Exercise:
Set every entry down again, unchanged, picture-free.

Data for analysis:
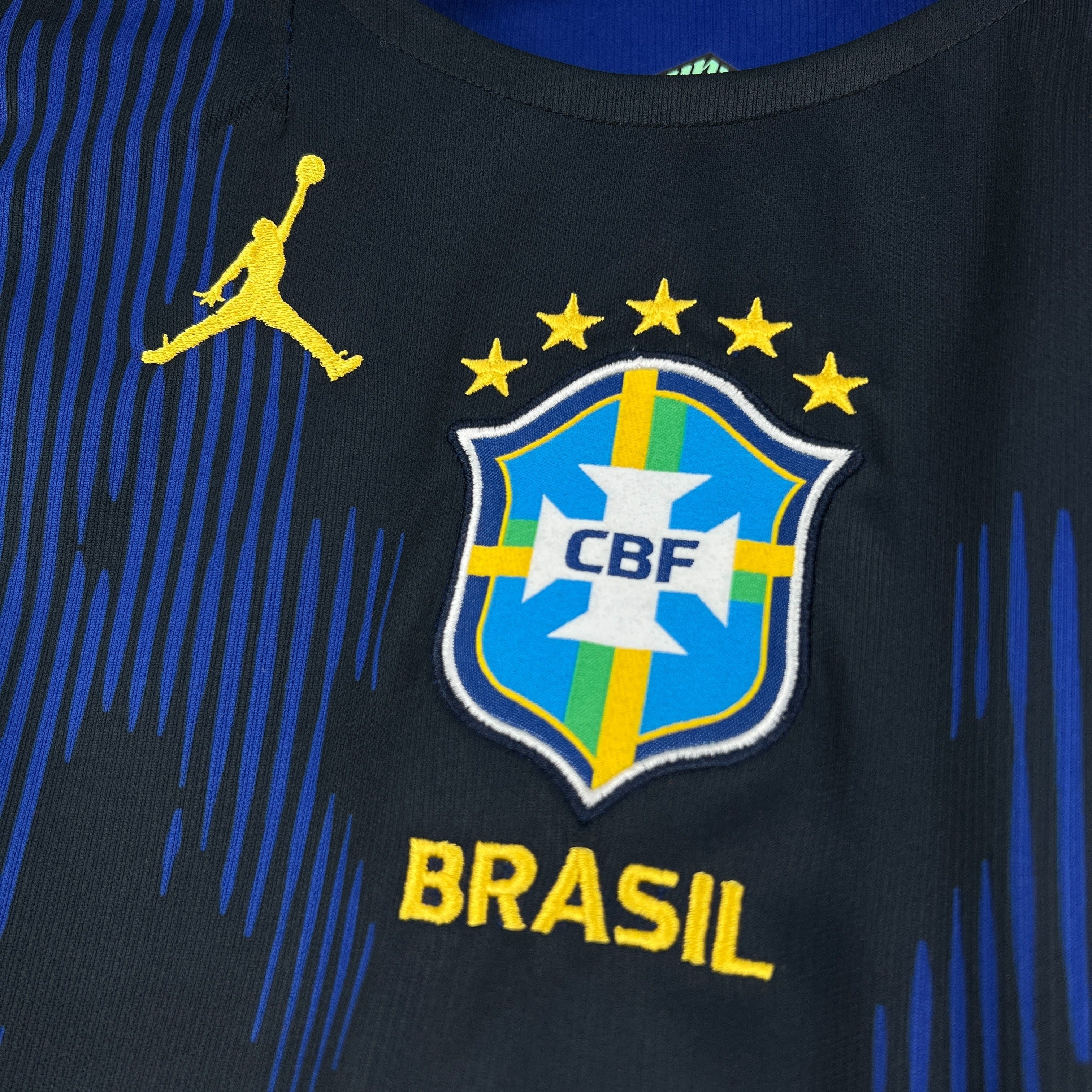 Camisa Copa do Mundo 2026 - Brasil Reserva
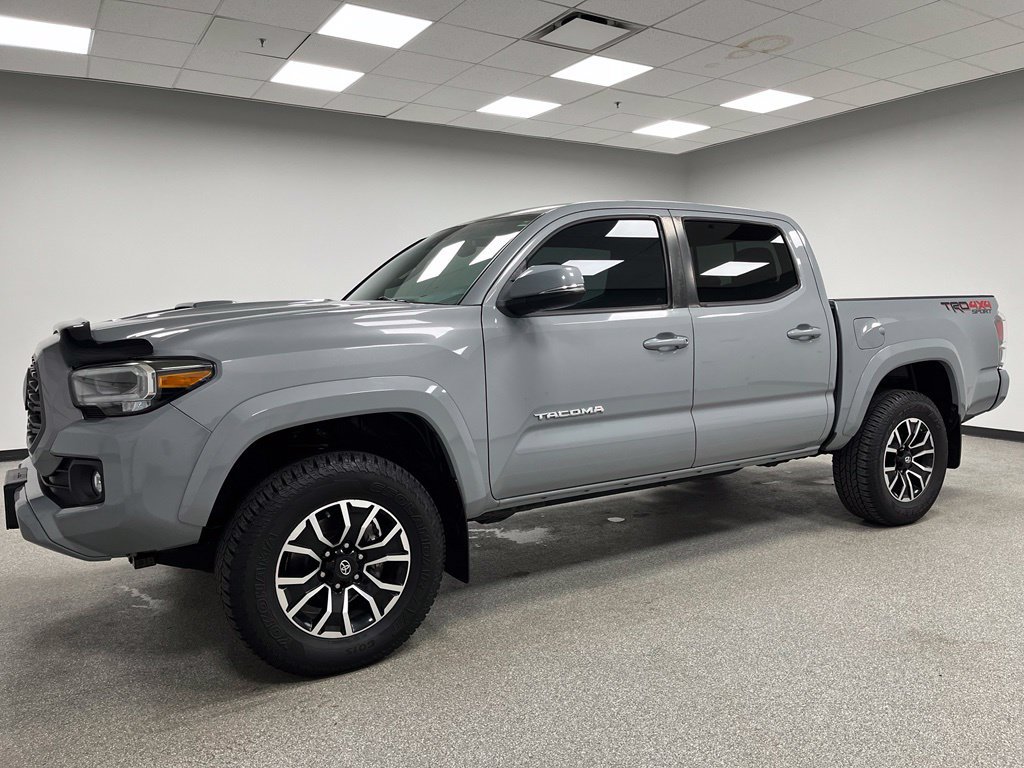 Used 2020 Toyota Tacoma TRD Sport w/ TRD Premium Sport Package AWD/4WD image 6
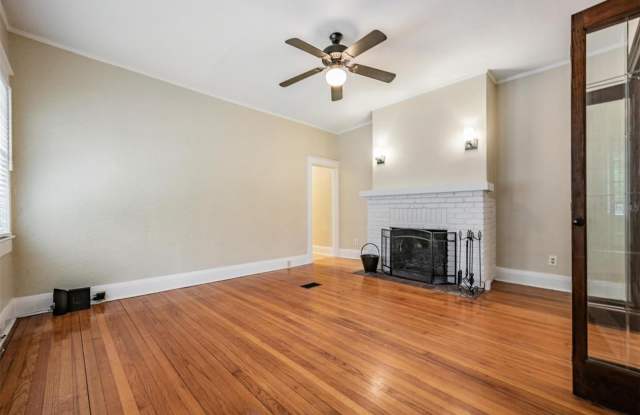 1000 E CRENSHAW STREET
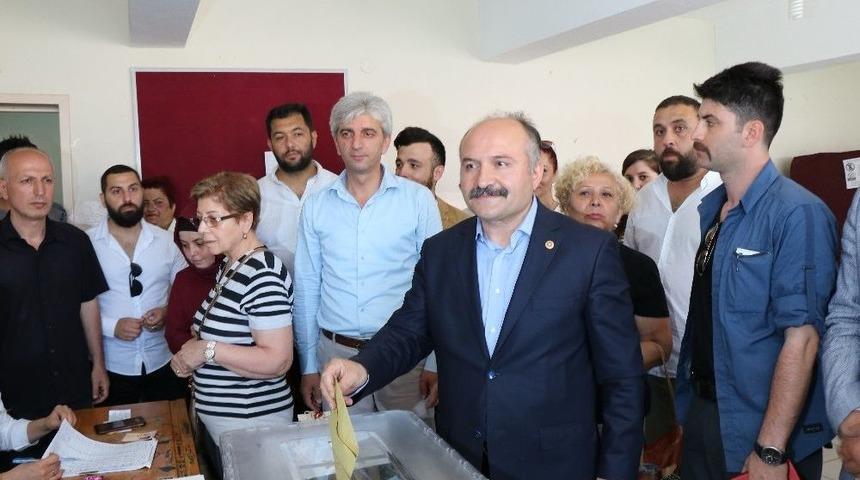 Erhan Usta: &ldquo;milletimiz Meselenin İdrakinde&rdquo;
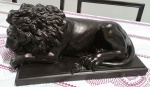 Grande Escultura em formato de leão em Resina pintada de bronze .Possui pequeno defeito na base. Mede: 43 x 22 x22 cm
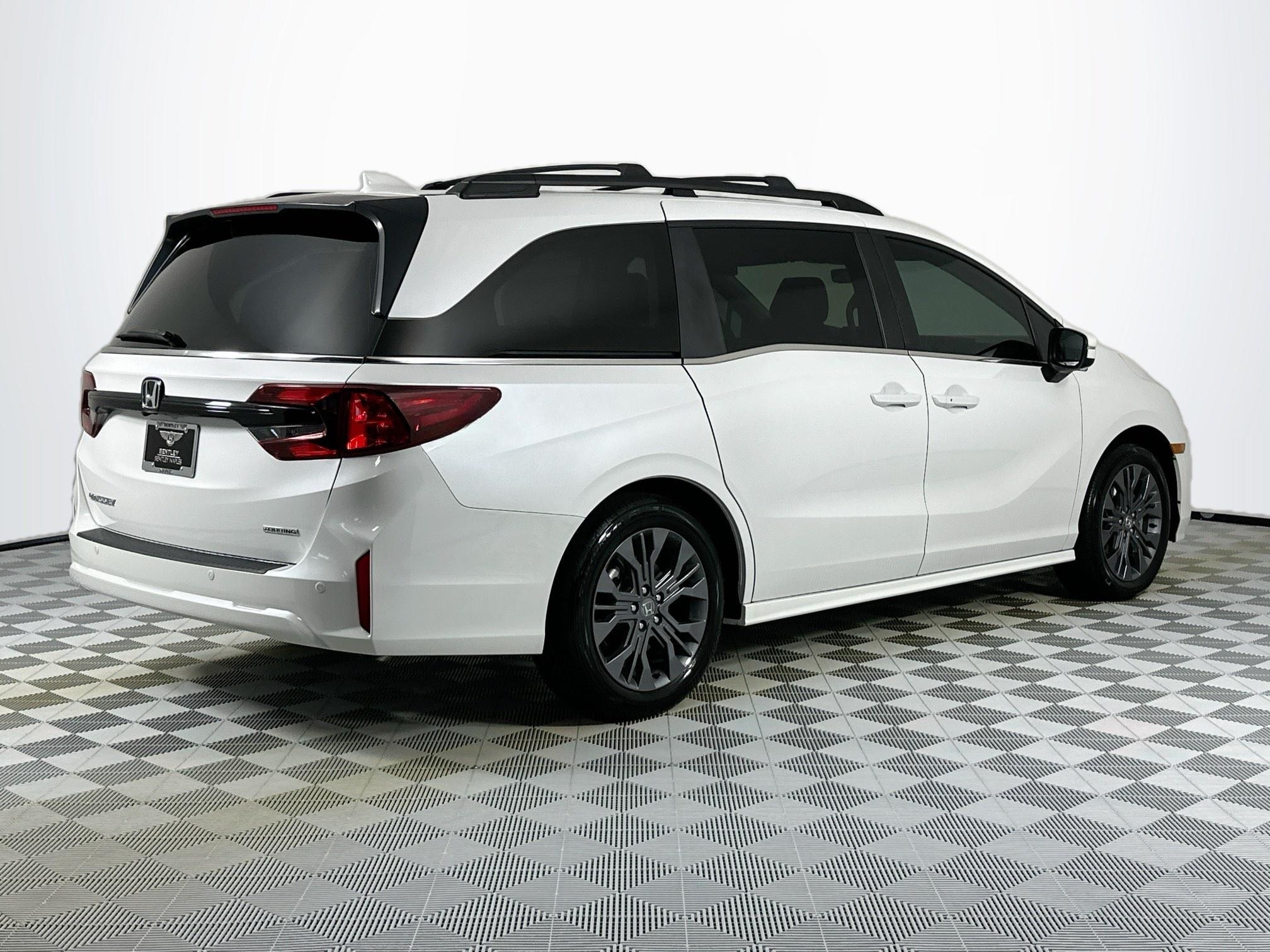 used 2025 Honda Odyssey car, priced at $42,995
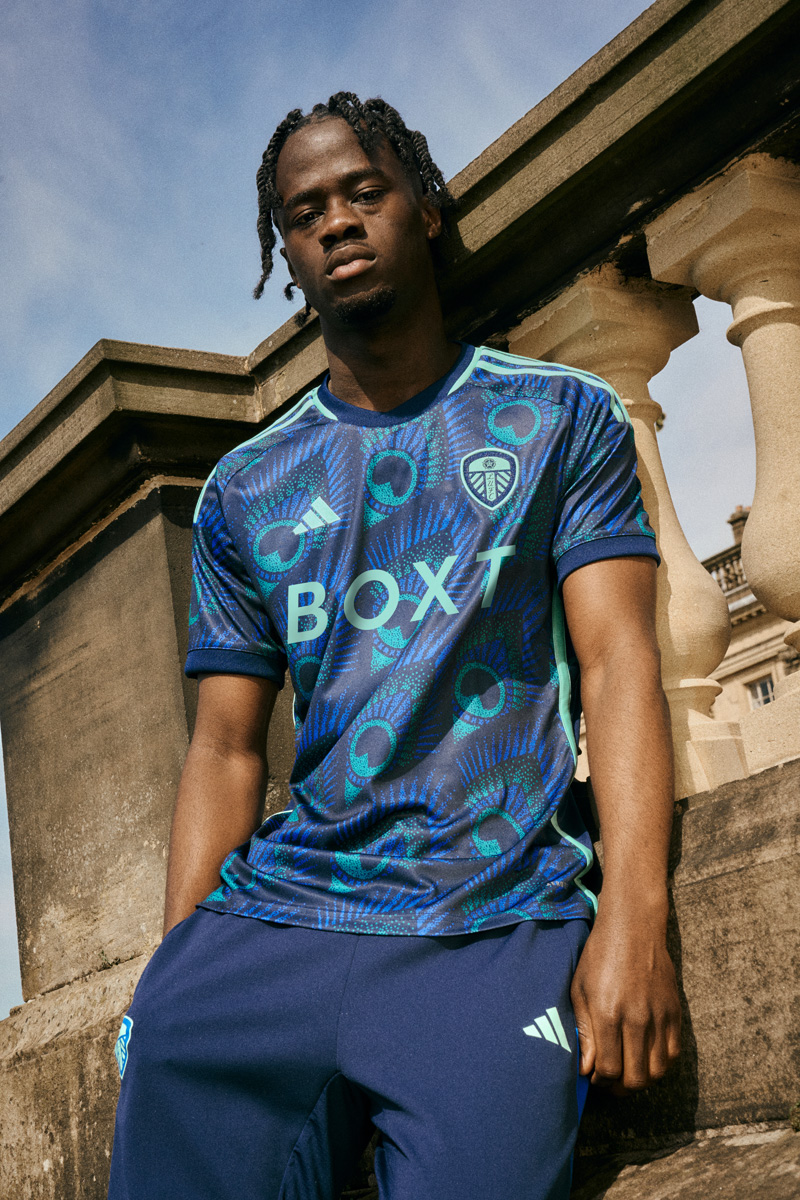 Áo Đấu Sân khách Của Leeds United 2023-24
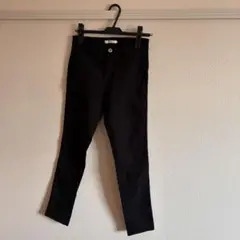 ブラック スキニーパンツ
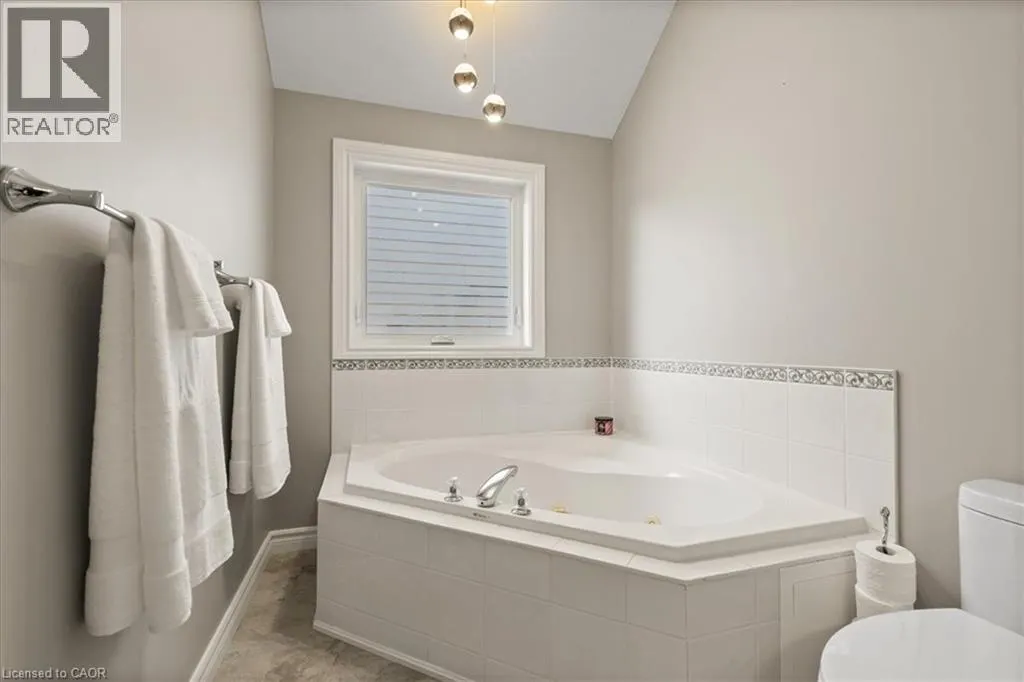 476 HIDDEN CREEK Drive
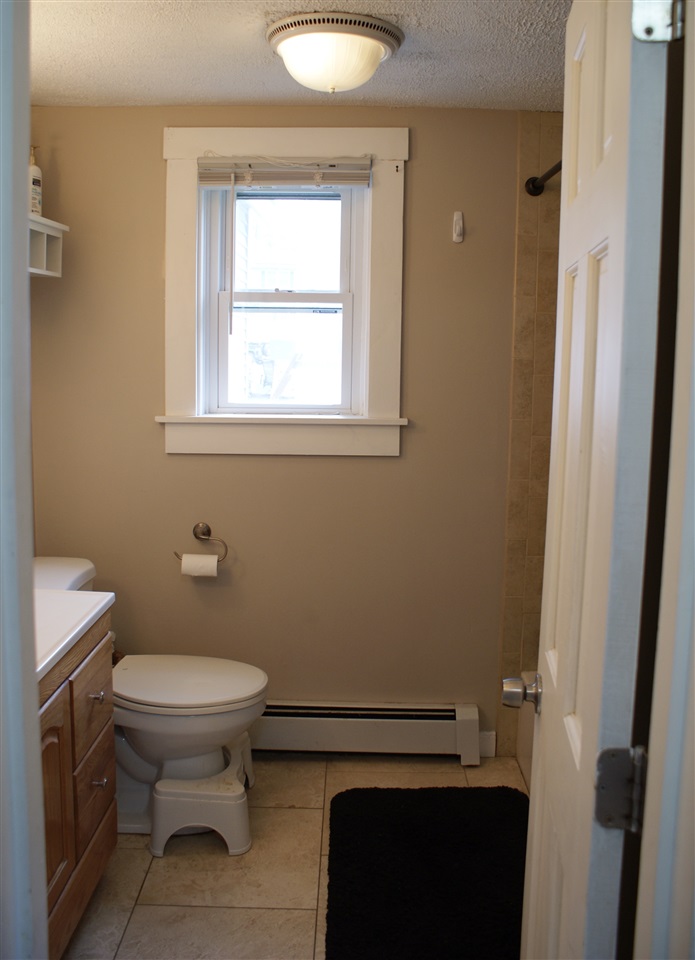 928 Mammoth Road Manchester, NH 03104 - Photo 20 of 40 Gallery Image 20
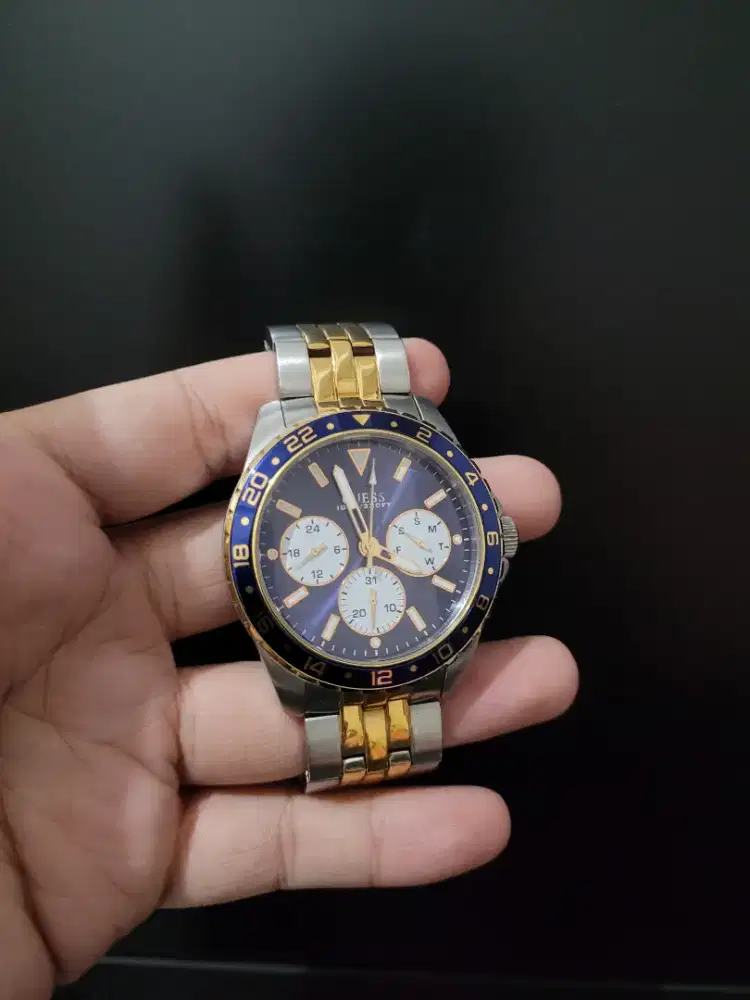 Jam Tangan Pria Guess W1107G3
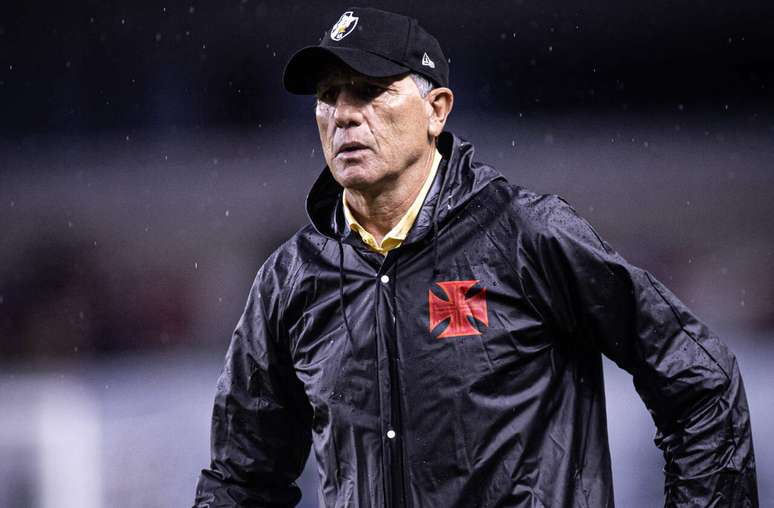 Renato disse que confia nos garotos da base do Vasco &ndash;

Solution for this task:
 Camisa Copa do Mundo 2026 - Brasil Reserva
 Used 2020 Toyota Tacoma TRD Sport w/ TRD Premium Sport Package AWD/4WD image 6
 1000 E CRENSHAW STREET
 Erhan Usta: &ldquo;milletimiz Meselenin İdrakinde&rdquo;
 Grande Escultura em formato de leão em Resina pintada de bronze .Possui pequeno defeito na base. Mede: 43 x 22 x22 cm
 used 2025 Honda Odyssey car, priced at $42,995
 Áo Đấu Sân khách Của Leeds United 2023-24
 ブラック スキニーパンツ
 476 HIDDEN CREEK Drive
 928 Mammoth Road Manchester, NH 03104 - Photo 20 of 40 Gallery Image 20
 Jam Tangan Pria Guess W1107G3
 Renato disse que confia nos garotos da base do Vasco &ndash;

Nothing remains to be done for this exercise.